But it's not all clear how Lessig's reported desire to lead others in "occupying Americans Elect" for a specific "reform" candidate — and, indeed, going on MSNBC ("Morning Joe") twice in the last month to campaign
for, and with, Buddy Roemer — squares with Lessig's being an Americans Elect advisory board member who, according to Americans Elect's own Rules and By-Laws,
is bound by a strict neutrality policy that places what
he is doing, well...out of bounds.
8
A couple of weeks ago, Americans Elect advisory board member Mark McKinnon was on the panel for Jon Huntsman's much-discussed appearance on "Morning Joe." The newly disencumbered Huntsman, who had recently left the Republican race, made news by saying that "this duopoly is tired" and calling for "something to compete against the duopoly," "some sort of third-party movement," "some alternative voice out there."
McKinnon, for his part, was full of praise for Huntsman, saying (video starting at 7:38):
I love everything you’re saying, and I’ve always liked your politics, and I’m sorry you didn’t make it through the Republican primary, but I think you’ll — can provide real political leadership, whatever you do going forward.
When asked by Scarborough (starting at 11:09), "Can an independent be elected President in 2012?", McKinnon offered a more specific idea of what Huntsman's "real political leadership" might look like:
Just on a blind poll, even when people don't even know who the ticket would be, 25 percent of voters say they'd support [an independent ticket]....Put Jon Huntsman on that ticket, and you'd get up to 51 percent, I guarantee.
9
Last November, McKinnon shared the stage with Americans Elect CEO Kahlil Byrd, Washington Post national political correspondent Karen Tumulty and political consultant Tad Devine at a moderated Harvard forum that considered the viability of an Americans Elect ticket in 2012. At one point — video starting at 20:53 — the moderator asks McKinnon what "type" of candidate he thinks would step up to run under the Americans Elect banner.
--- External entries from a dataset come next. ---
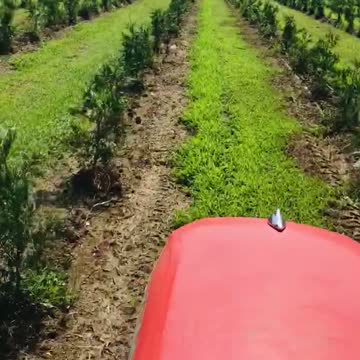 Getting into the thick of it at Highland Hill Farm our green giants and other trees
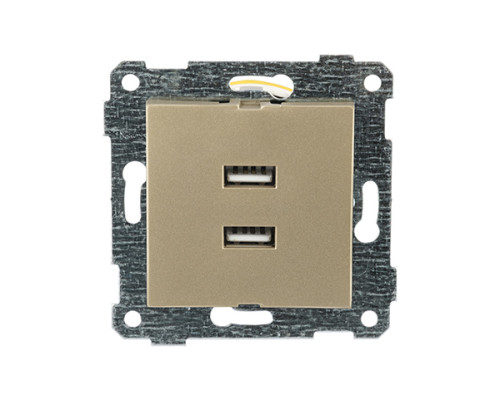 Rita - Розетка 2xUSB Type A, золото доре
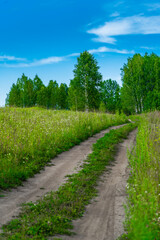 Fototapeta na wymiar country pathway to horizon through wild flowers meadow, fresh spring forest and blue sky with white clouds, sunny summer day landscape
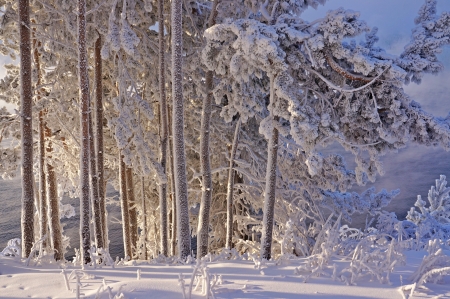 Winter - white, nature, snow, winter, tree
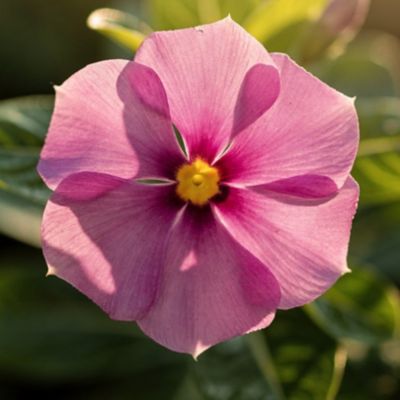 Image showing Vinca, 4 pk.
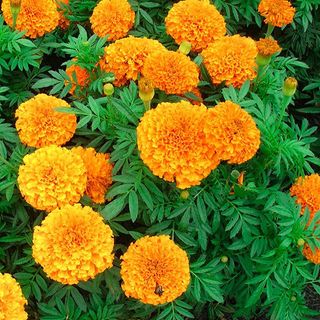 Hạt Giống Hoa Vạn Thọ Mỹ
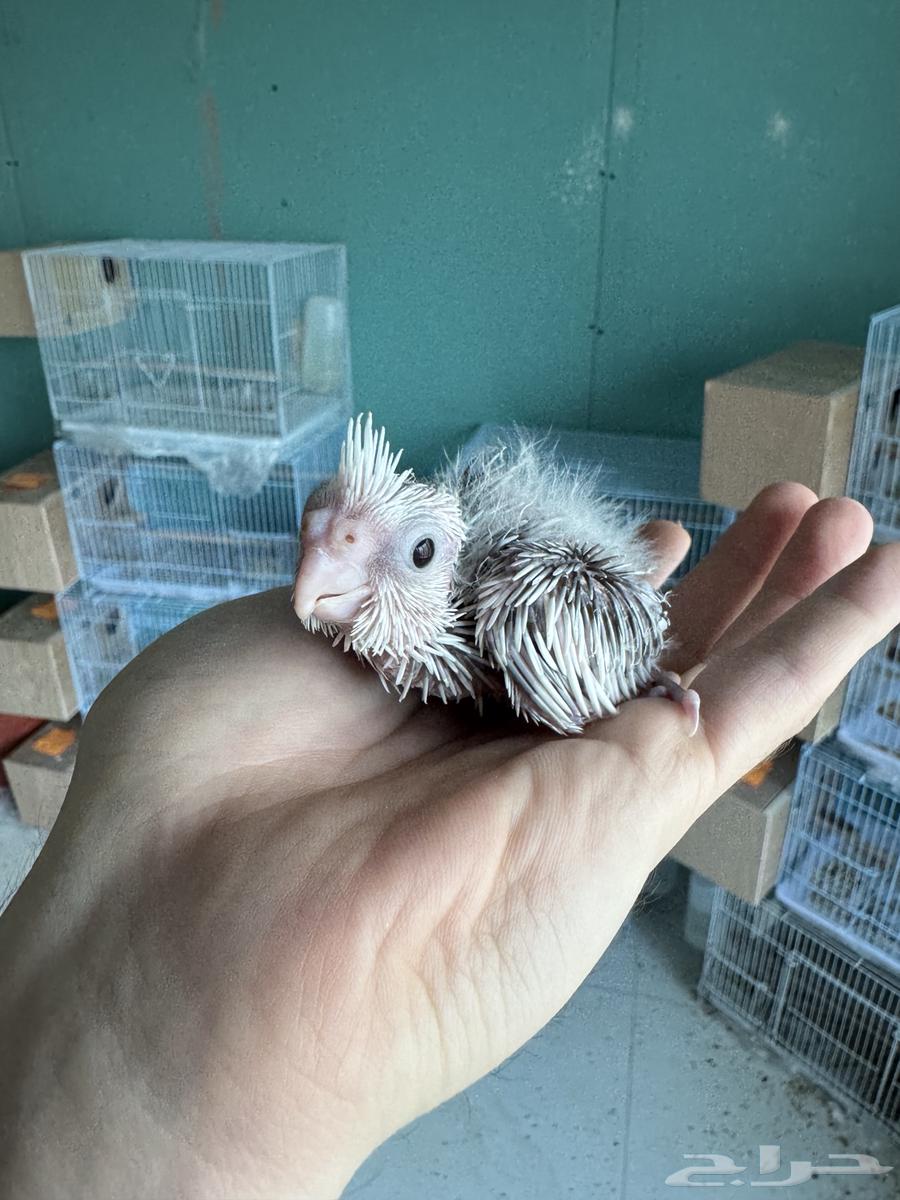 تم البيع64212977073537110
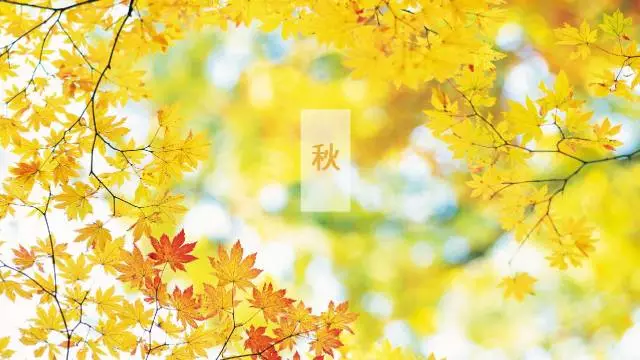 知识百科一定要91香蕉视频官网的10大领域
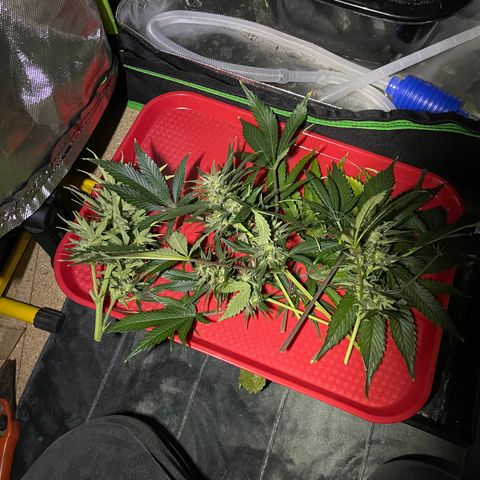 Sensi Skunk Automatic growlog photo: Harvested top buds that were ready and wet trimmed the sugar leaves. 

Placed in drying tent in cupboard. 
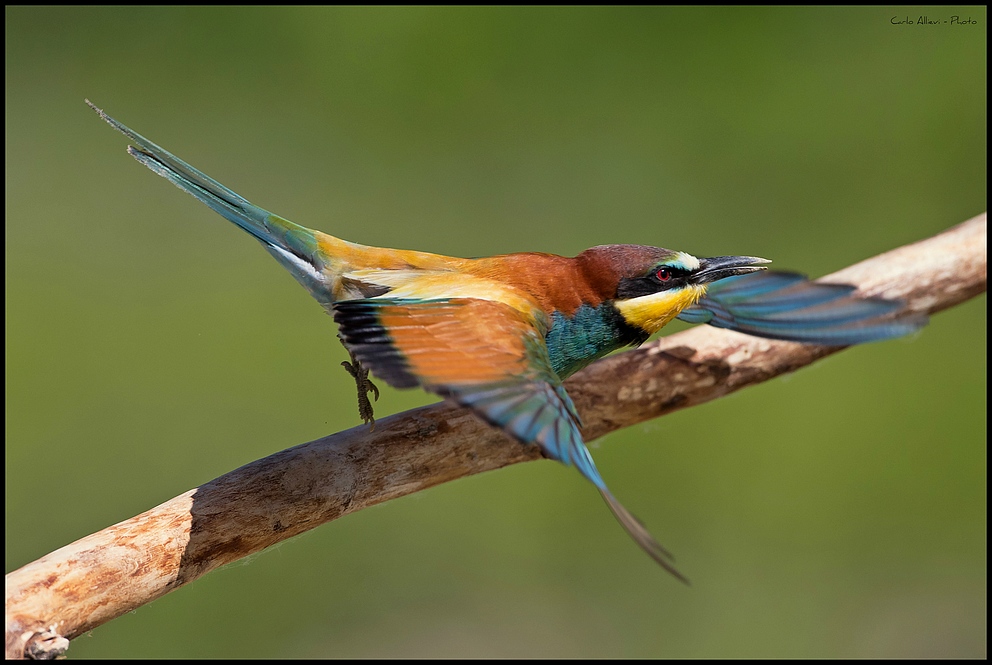 Lo stacco del Gruccione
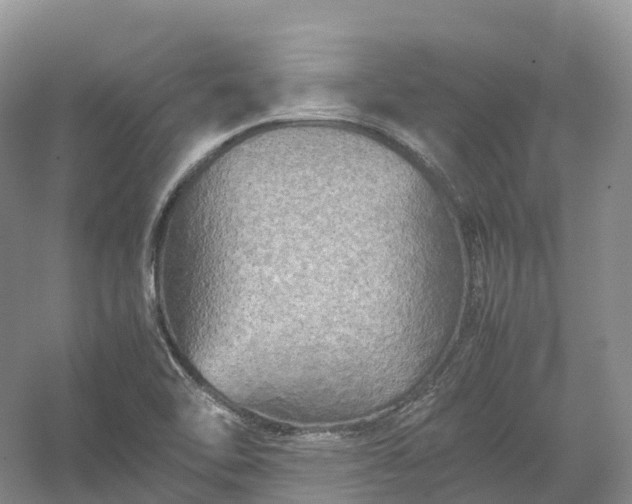 X0000054371462200508051542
McKinnon — “just off the top of my head” (but then reading off a piece of paper, suggesting that the question is a set-up) — obliges with the following roster of nine:
Americans Elect director Christie Todd Whitman, Jon Huntsman, Chuck Hagel, Bob Kerrey, Condoleezza Rice, Tom Brokaw, Joe Lieberman, Evan Bayh, and John Chambers.
He reads the prepared list, with the barely disguised delight of a child naughtily but irrepressibly telling a secret — leaving no doubt that, between the question and the answer, "would" has turned into "should."
10
And then there's this slide from the Americans Elect presentation that Nick Troiano put together in January
offering these 49 names (originally 50, including
Steve Jobs):
Does this list look random to you? Sure, there are a
few token "liberals" here. But the main point of the list seems to be to illustrate what Americans Elect sees as the tolerable limits of "left" and "right."
And, with few exceptions, everybody here — which includes most of those already mentioned, as well as former U.S. Comptroller General David Walker, who, right after being promoted by original Americans Elect champion of "radical centrism" Thomas Friedman as "a third voice for 2012," got his own kissy press release from Americans Elect — falls safely and uniformly with range defined by "conservative Democrat," all the way over on the center, and "moderate Republican," all the way over on the center right.
Which is not surprising, really, given CEO Kahlil Byrd's remark, at the Harvard forum, that "America is a center-right country" — a comment that Byrd rendered blithely, as if to be voicing something that was so obvious that only a fool would try to dispute it.
But who created this list? Certainly, it wasn't National Campus Director Nick Troiano, who just graduated from Georgetown last year.
More likely, it was the same people who created the list of 70-plus people — the list above, plus another 20 or so? — that, according to Byrd, Americans Elect has been trying to sell on the idea of running on an Americans Elect ticket.
Is this Americans Elect wish list being curated by some, or all, of the corporation's "Leadership"? Certainly.
Are some, or all, of the group's financial backers on
this Leadership list? Surely.
Are these backers also part of this recruiting effort — including deciding whom is to be recruited? Very likely.
Which specific backers are helping with recruiting decisions? Are the recruiting suggestions of these backers being weighted, either explicitly or implicitly, depending on the levels of their contributions? These things, we don't know.
But this much is certain: None of these promotional activities, on the part of Americans Elect directors, advisors and other personnel qualify as "neutral,"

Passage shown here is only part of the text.